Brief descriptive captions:

● ● ●

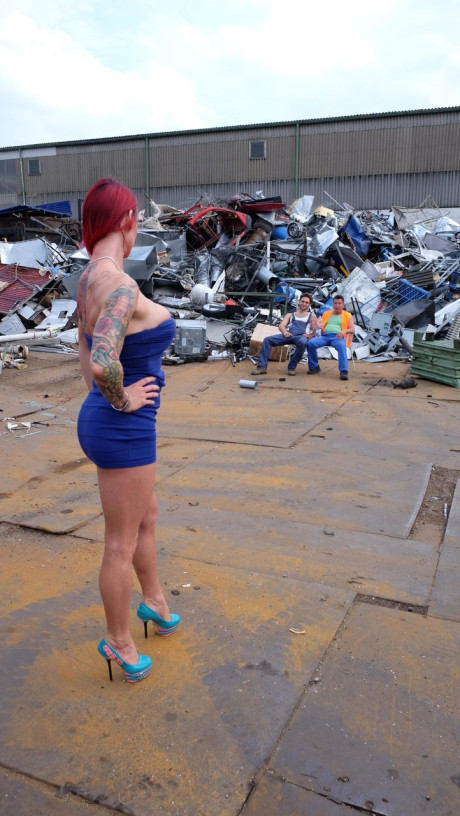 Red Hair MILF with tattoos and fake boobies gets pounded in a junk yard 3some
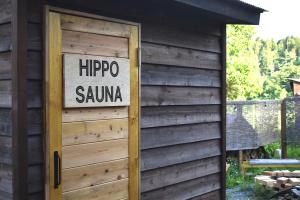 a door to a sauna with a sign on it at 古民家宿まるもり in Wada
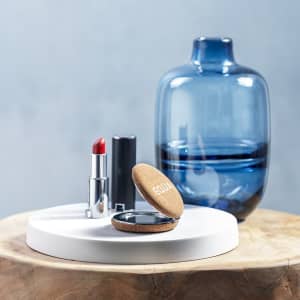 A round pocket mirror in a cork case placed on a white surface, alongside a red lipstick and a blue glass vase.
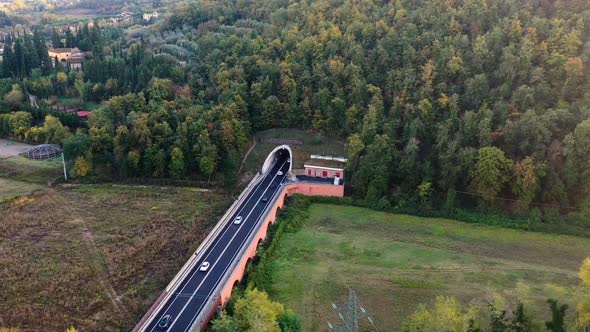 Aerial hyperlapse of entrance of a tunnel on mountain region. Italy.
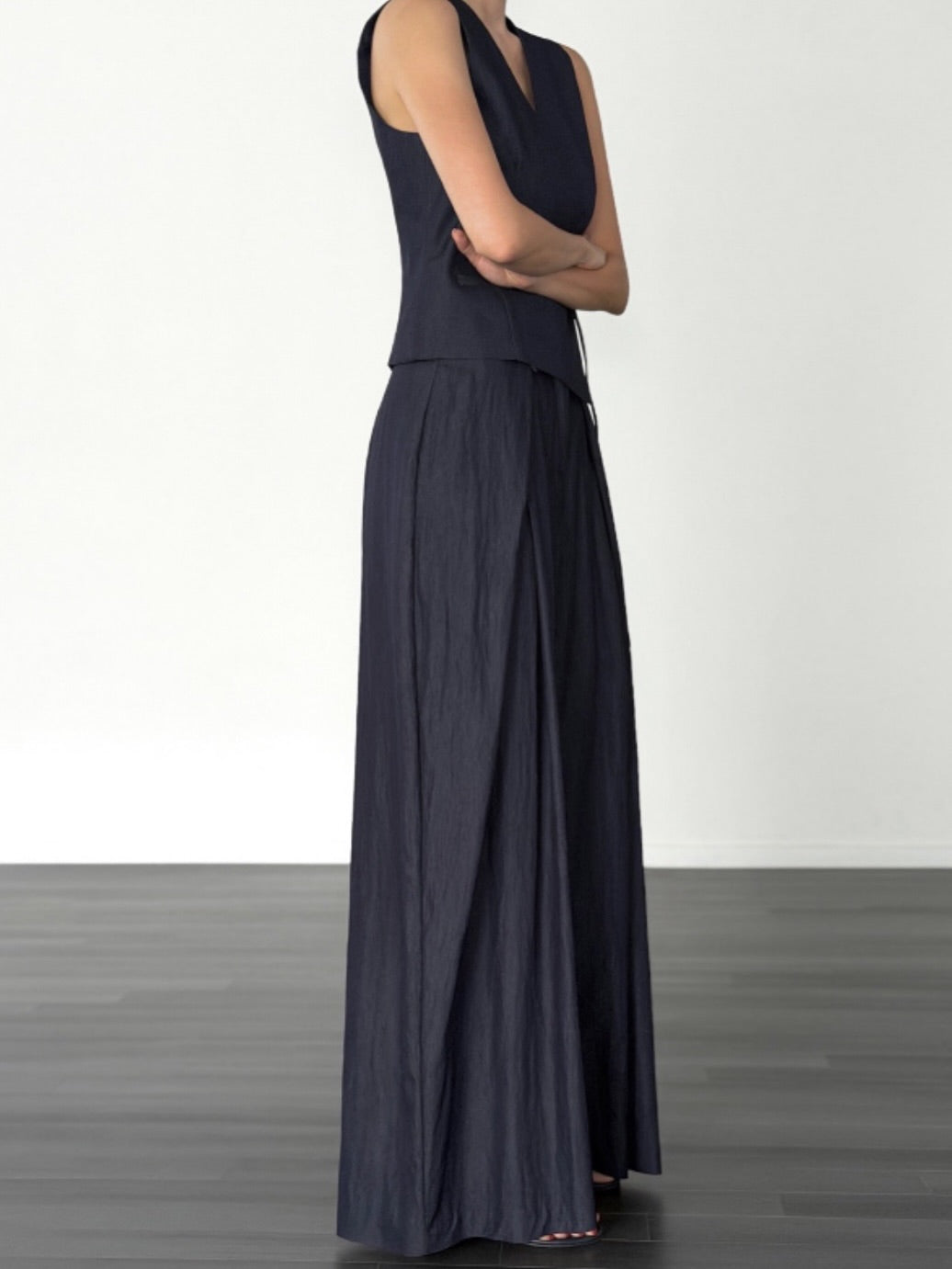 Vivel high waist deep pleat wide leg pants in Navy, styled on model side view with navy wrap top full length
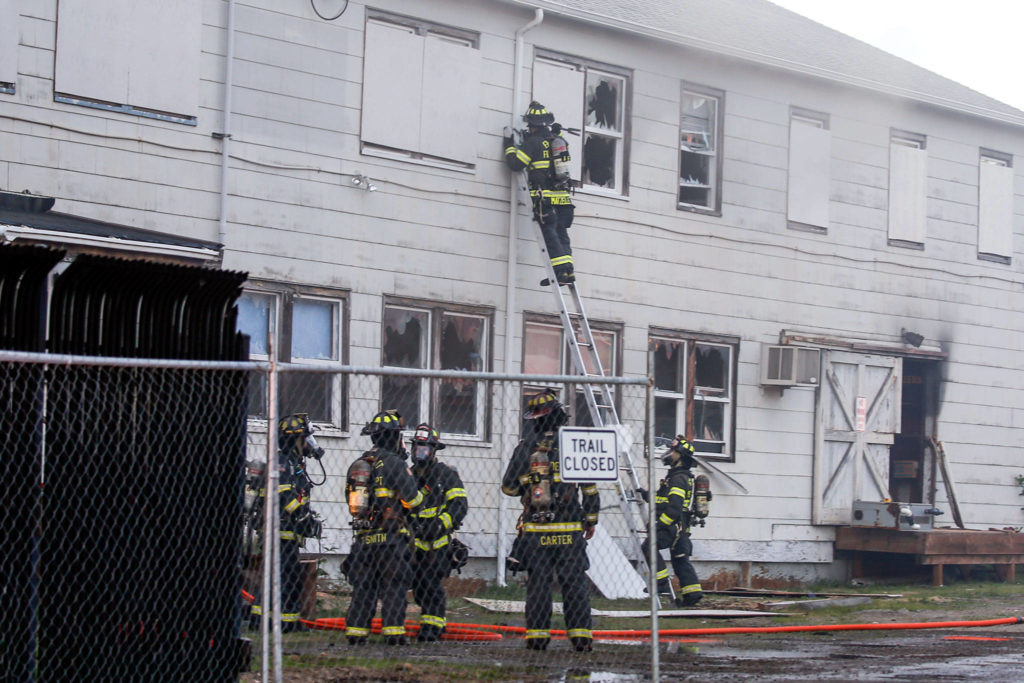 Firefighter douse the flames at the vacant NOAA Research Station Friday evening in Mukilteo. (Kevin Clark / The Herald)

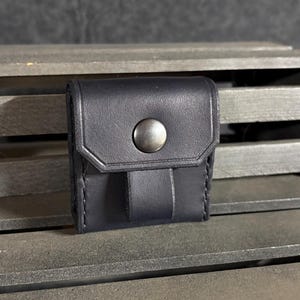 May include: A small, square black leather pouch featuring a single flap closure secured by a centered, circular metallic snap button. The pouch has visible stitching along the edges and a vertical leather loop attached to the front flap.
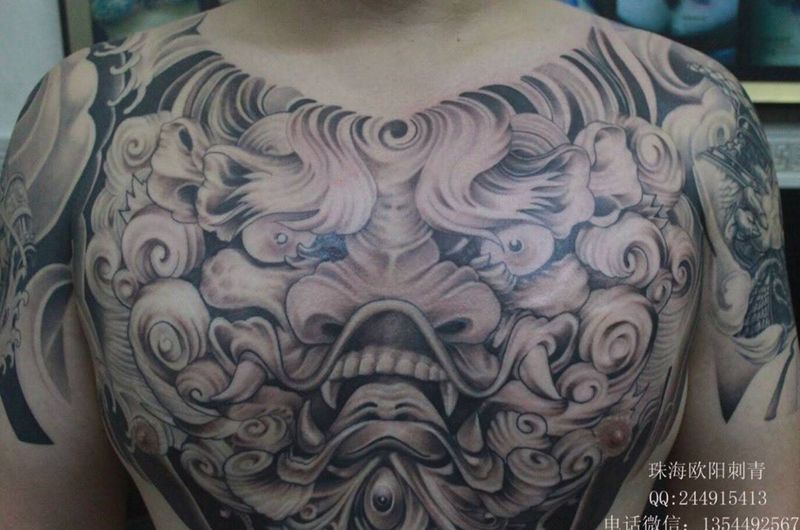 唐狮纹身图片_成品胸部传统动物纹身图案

● ● ●

*Your goal*
Print, with pictures removed, exactly the lines of the records above from the top through the line containing "A round pocket".

*Exercise output*
 Red Hair MILF with tattoos and fake boobies gets pounded in a junk yard 3some
 a door to a sauna with a sign on it at 古民家宿まるもり in Wada
 A round pocket mirror in a cork case placed on a white surface, alongside a red lipstick and a blue glass vase.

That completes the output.